I’m gonna stop there. Your question, “How do you approach making a video” is such a vague question. Books are written about this. I’m not trying to blow you off…just suggesting that you plan your video first and them come back with more questions.
Rob’s right. You’re question is mad vague. Only because you don’t fully understand the scope of what you are asking. I’ve consulted with others in your state who wanted to do the very same thing. Some had some really workable ideas and some were just smokin’ dope.
First off, watch other hunting shows and see how the pro’s do it. Make notes of what you liked and didn’t then incorporate those things with your own ideas when you plan that video as Rob suggested (it’s called pre-production by the way.) The hunting shows you watch will have been planned down to the last detail and so should yours.
You’re planning a full on production and there’s much to be done before you point a camera at anything. I gotta’ ask, have you ever shot video before?
Alright thanks for your responses and sorry about the vague question, I’ll try and elaborate on it.
I am creating a short video for school over the tv show StruttinBucks outdoors. The project was to take an essay that I had written earlier in the year and express it in a new form of art. I have a very small basic background in video-editing so I thought that creating a short 10-15 minute clip would be fun and allow me to learn more about my video-editing software. I am using adobe cs4 by the way.
My thought on how to accomplish this so far is to start the video with a bunch of short clips with different parts of successful hunts and create almost like the opening scenes to a show. Then havea graphic design fly into the screen with the StruttinBucks Outdoors logo.
My essay was about the history of how StruttinBucks was started so I was thinking of having interviews with maybe 3 or 4 of the guys on StruttinBucks outdoors then cutting the interviews up to key points that help progress the story while interjecting more clips of hunts in between. I am not sure how I would want to end the story, maybe with a discussion of the future of struttinbucks outdoors.
here is a link to their website if anyone is curious,http://struttinbucks.com/wordpress/
If this is still to vague then just let me know thanks for your responses they are very helpful
Again I say watch the show you’re wanting to copy and other hunting shows to see how they flow and how shots work from topic to topic. Then, keep it short. 5 minutes should be your goal. Your ideals sound fine but 10 to 15 minutes is a big piece of time to cover properly and keep an audience’s interest. 5 minutes will get you in and out with a minimum of ‘hair pulling’ and spare your audience the ‘home movie effect’.

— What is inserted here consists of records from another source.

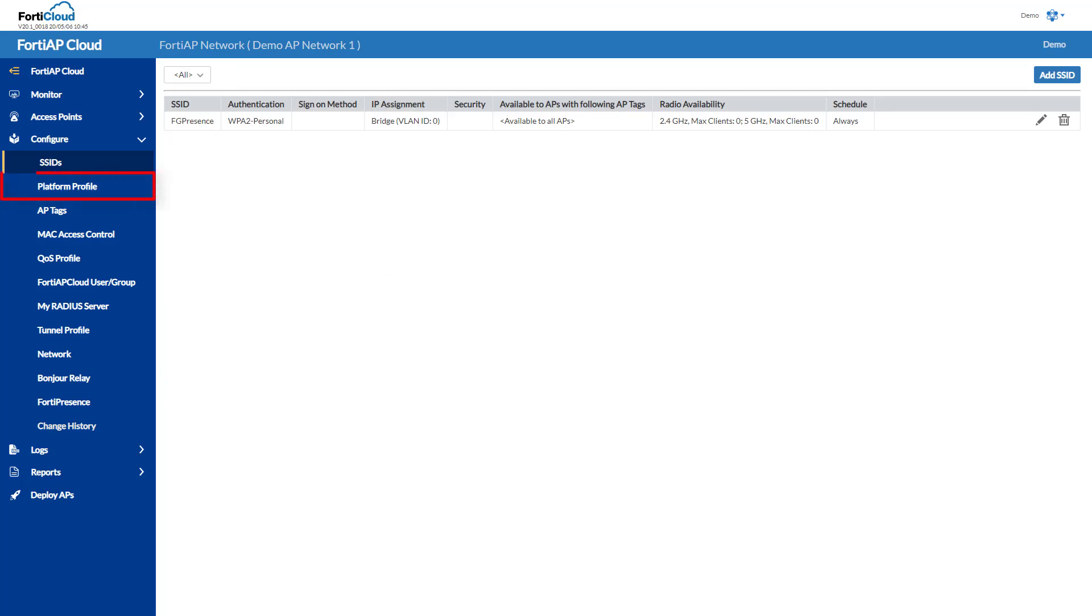I can also set up profiles for my APs, which collect together groups of SSIDs and set channels of operation, power levels, etc.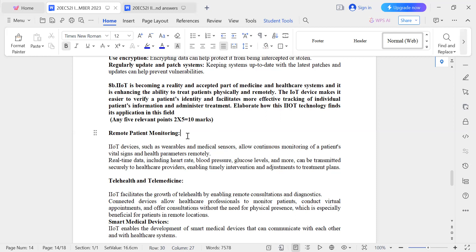The first point is remote patient monitoring. IoT devices such as wearables like smart watches and sensors are capable of continuously monitoring vital signs and health parameters. These wearable devices and sensors provide real-time data — the information is instantly available as soon as it is collected and transmitted. The specific vital signs mentioned include heart rate, blood pressure, and glucose levels, which are crucial indicators of a person's health.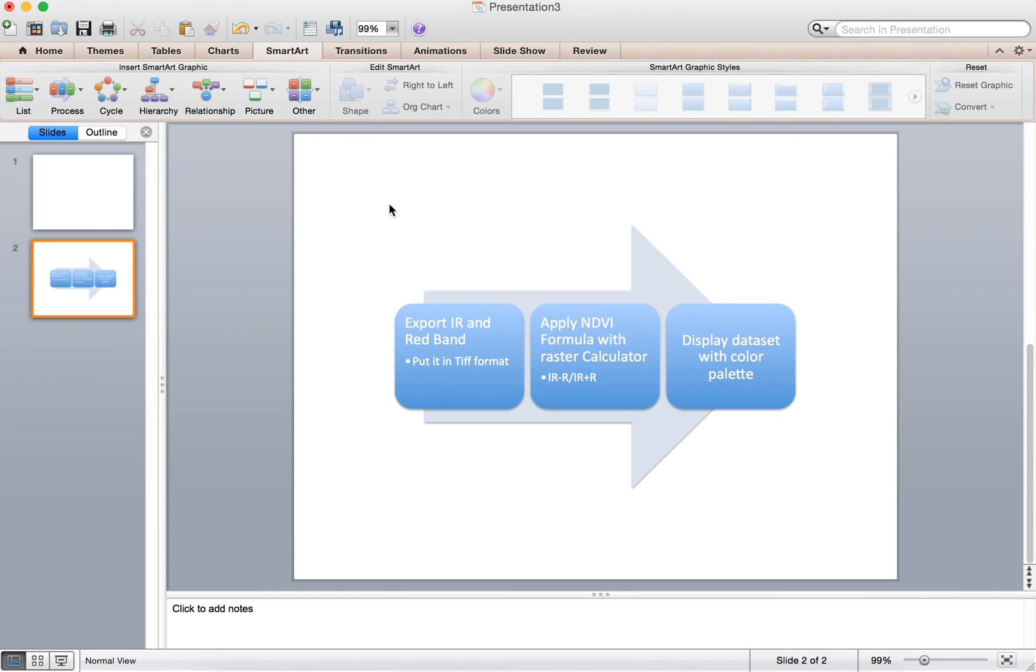Another option, of course, is that you can always screenshot what's going on here to paste it into your images.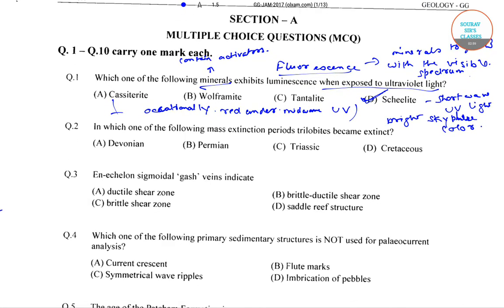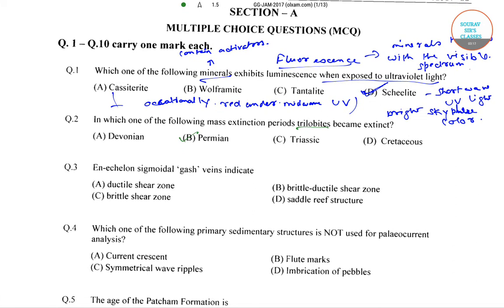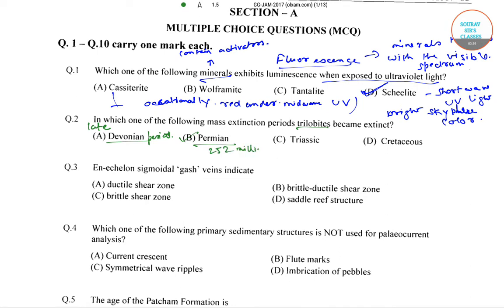The next question is: during which of the following mass extinction periods did trilobites become extinct? The correct answer is option B, that is Permian. Even though in the late Devonian period most of the trilobites died, they disappeared in the mass extinction at the end of the Permian period, which is about 252 million years ago.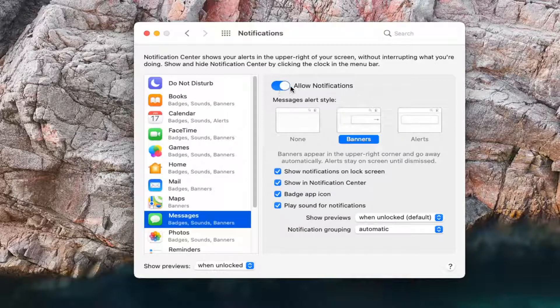So if you want to keep some notifications on, but perhaps disable them on the lock screen, you can uncheck that option.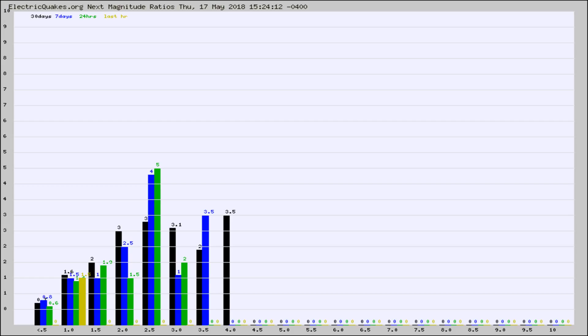Again, the black column is 30 days, blue is 7, green is 24 hours, and gold is in the last hour.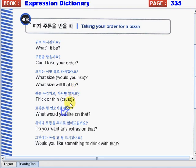"Thick or thin crust?" — "What would you like on that?" — "Do you want any extras on that?" — And "Would you like something to drink with that?"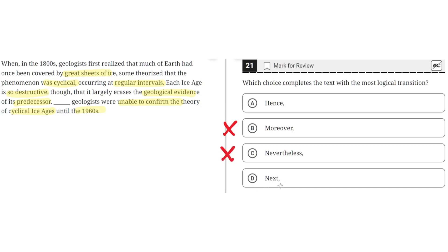Choice D: "next." This is incorrect because "next" implies that there is a process or a series of steps. But this is not the case, as the third sentence is the consequence of the information in the second sentence. So D is incorrect, and the correct answer is A.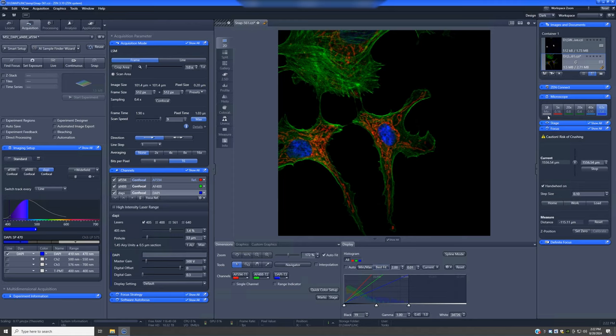The SF refers to the sample finder. This is a feature that you don't really switch to by yourself. This is only used when you use the AI sample finder wizard.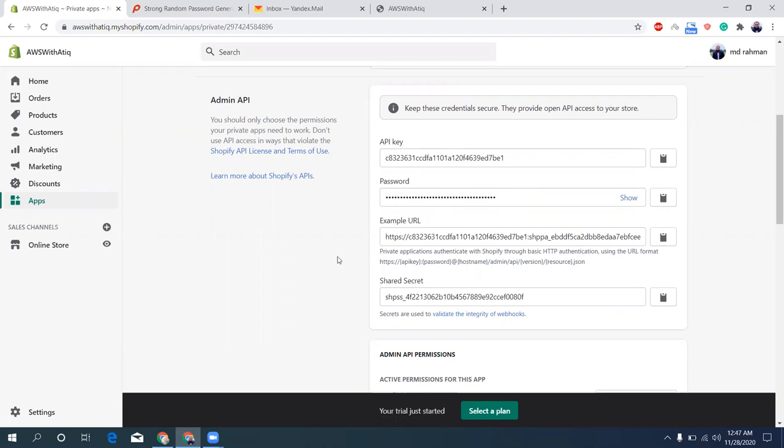So we can use now different kinds of SDKs, software development kits, to access this API, and using that SDK we can actually create products from our applications.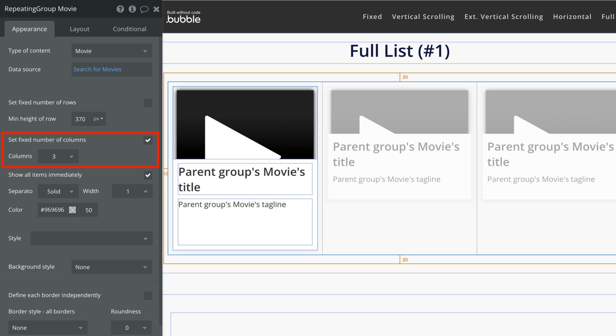To make a full list repeating group, we uncheck fixed number of rows so we can control the min height of the row. We'll leave the columns as fixed for now, and we'll check show all items immediately. This will load all the items our repeating group data source returns.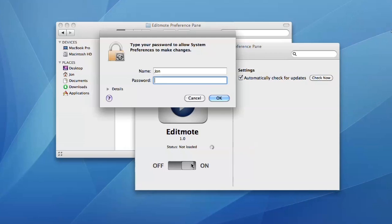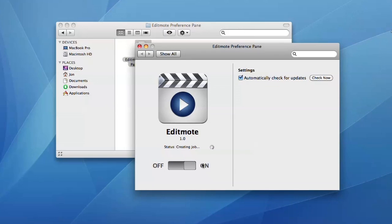To begin, simply download and install the EditMote preference pane from www.digitalrebellion.com and flick the switch to the on position.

If you have the right software capabilities, you could add a set of graphics(even 3D graphics) elements to your video along with sped-up shots of successful kills, possibly even made by experienced, or have somewhat of a skill ofshooting itthe first time, hunters. Fast rock music would also add to the drama. Something like what I mentioned above would make a great first impression… but like Rob and Composite said, shortening the length is also a good strategy. You should also have a pre-determined format for your video. Will it be in commercial form or short TV episode? Maybe a five-minute tutorial similar to that of which Videomaker has created a bunch of? A commercial form probably shouldn’t be any longer than 5 minutes. If it’s a TV ‘mini-sode’, you could probably get away with something at about 15 minutes or less. You should also be mindful of rules which the contest might have about this.